Krypto-Experte Rouven Rosenbaum zur Bitcoin-Hausse Die Spreu trennt sich vom Weizen

Symbolische Bitcoin- und Ethereum-Münzen: Krypto-Experte Rouven Rosenbaum  traut etablierten Währungen mehr zu | © Pexels

Symbolische Bitcoin- und Ethereum-Münzen: Krypto-Experte Rouven Rosenbaum traut etablierten Währungen mehr zu Foto: Pexels

Es waren wie erwartet die Platzhirsche, vor allem der Bitcoin, die den derzeitigen Höhenflug anstießen. Wo Bitcoin, Ether, Ripple und auch Bitcoin Cash deutlich im Plus stehen, konnten viele der Kleinen nicht mithalten. Kein Wunder, sind doch die Bewertungen der Kryptowährungen auf Vertrauen und Nutzbarkeit aufgebaut. Da ist mittlerweile klar, dass die Untergangspropheten, die allen Kryptowährungen ein schnelles und böses Ende vorhersagten, Unrecht hatten. Aber es werden lange nicht alle überleben: Während Bitcoin, Ripple, Ether & Co. den Weg in den großen Markt finden, endet die Reise für viele andere – und das schon sehr bald.

Der gegenwärtige Anstieg ist eine fast logische Konsequenz der intensiven Beschäftigung großer institutioneller Häuser mit dem Thema Blockchain und Kryptowährungen. Wer die Vorteile erkennt, nutzt sie. Das bedeutet Nachfrage und damit steigende Kurse. Aber die Großen steigen eben nicht in verspielte oder überambitionierte Kryptos ein. Sie setzen auf die großen Namen, die vielleicht nicht perfekte, aber funktionierende Technologie, weitgehende Skandalfreiheit und eine solide Zukunft. Deshalb hat der gegenwärtige Anstieg auch alle Chancen, langfristiger zu sein, als die Blase des Jahres 2017.

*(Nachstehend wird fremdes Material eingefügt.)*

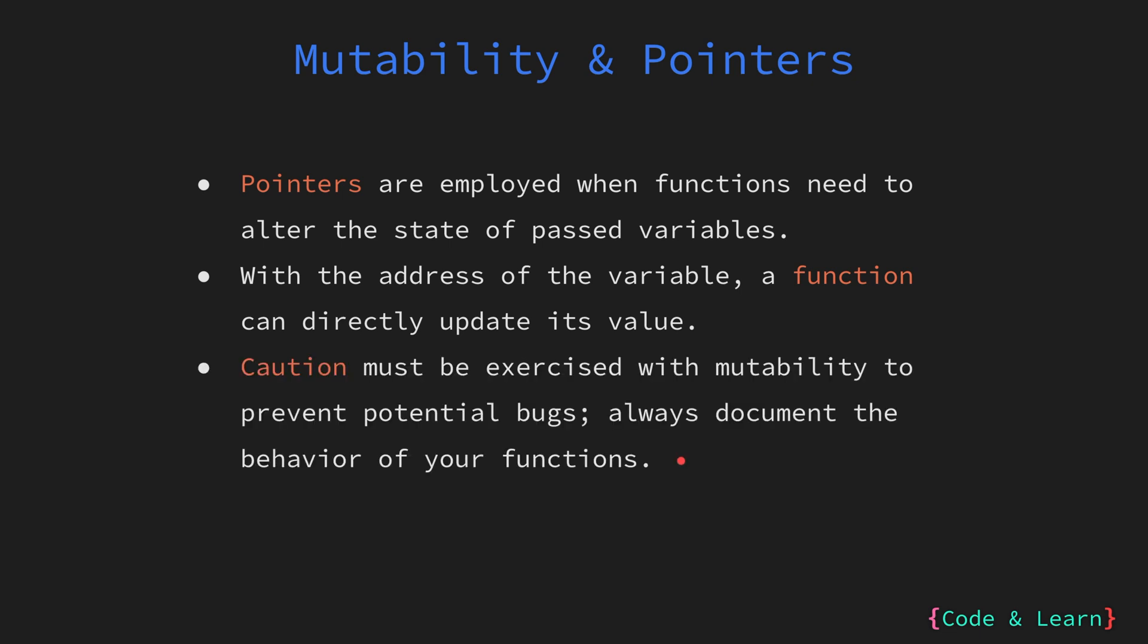While mutability can be powerful, it also introduces the potential for unintended side effects or bugs. It's crucial to carefully manage mutability and ensure that functions clearly document their behavior, especially when they have the potential to alter the state of the variable or the parameter that they have been passed.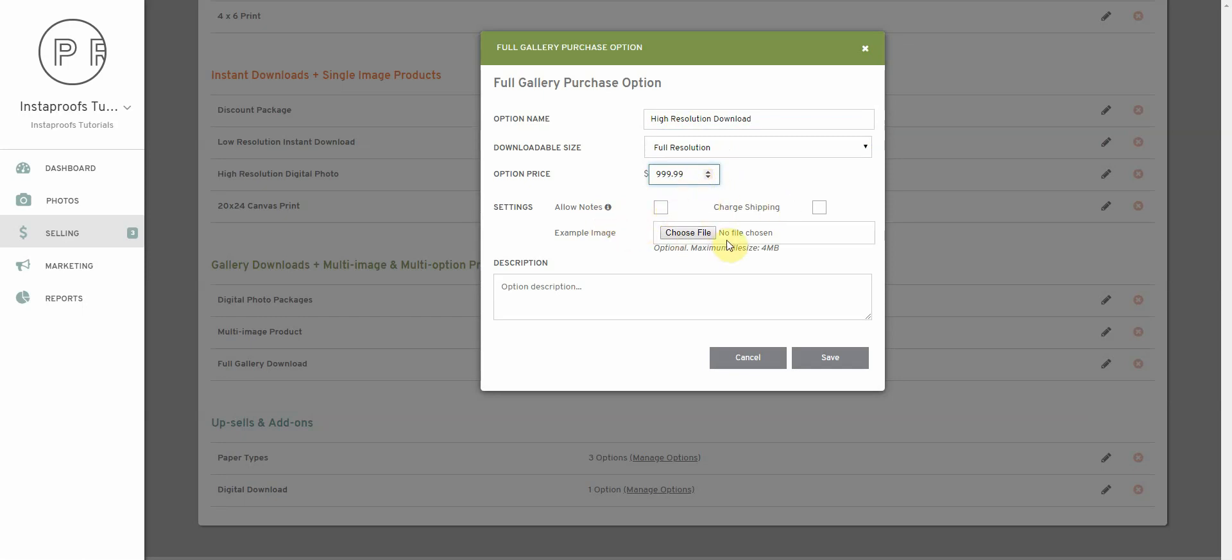and select whether or not to allow notes and charge shipping. We can also give an example image for this purchase option if we'd like. And then for the option description, I'm going to put high resolution image downloads.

Damals explodierten die Kurse aller Kryptos. Wer eine neue Idee auf den Markt brachte, wurde mit Geld zugeschüttet. Unsinnige, wenn auch sympathische Projekte entstanden und machten manchmal zumindest ihre Gründer wohlhabend. Statt Anlegern waren vor allem Fans unterwegs, die sich ein Stück einer Idee oder einer grundsätzlichen systemkritischen Haltung erkauften. Denn Kryptowährungen gelten als Gegenentwurf zu bestehenden Währungen, als unabhängig und ein bisschen subversiv. Der Absturz traf die Community hart, die Fans stiegen aus, trennten sich von Beständen, es kam zum Absturz.

Und jetzt kommen die Anleger: Menschen und Institutionen, die mit digitalen Assets Geld verdienen wollen. Dauerhaft, wohlgemerkt, und nicht nur in einem einmaligen Boom. Sie handeln rationaler und suchen auch nach Anhaltspunkten für eine Bewertung der Kryptos. Diese sind schwer zu finden, die Schätzungen schwanken zwischen null und eine Million US-Dollar als realem Wert eines Bitcoin. Wenn also mit herkömmlichen Analyse- und Research-Methoden nicht weiterzukommen ist, bleibt zumindest eine Art Risikomanagement: Too big to fail ist die Idee, der die meisten Anleger derzeit folgen. Das sorgt für den starken Anstieg bei Bitcoin, Bitcoin Cash, Ethereum, Ripple oder auch Litecoin. Es sorgt aber auch für gebremste Entwicklungen bei den schwierigen Fällen wie Tron, Steem oder Verge – und auf Dauer für ein vollständiges Verschwinden dieser Kryptos vom Markt.

Kaufe nur, was Du verstehst, ist eine Börsenweisheit, die angesichts der Komplexität der Technologie zunächst einmal viele Anleger überfordert. Die Großen haben ihre Hausaufgaben gemacht und verstehen die Kryptos jetzt. Für alle anderen bleibt als Faustregel zumindest: Kaufe nur, was Du kennst. Das sind in der Regel Bitcoin, Ethereum, Ripple und Litecoin.

Autor Rouven Rosenbaum ist Geschäftsführer von Bitmeister in Berlin.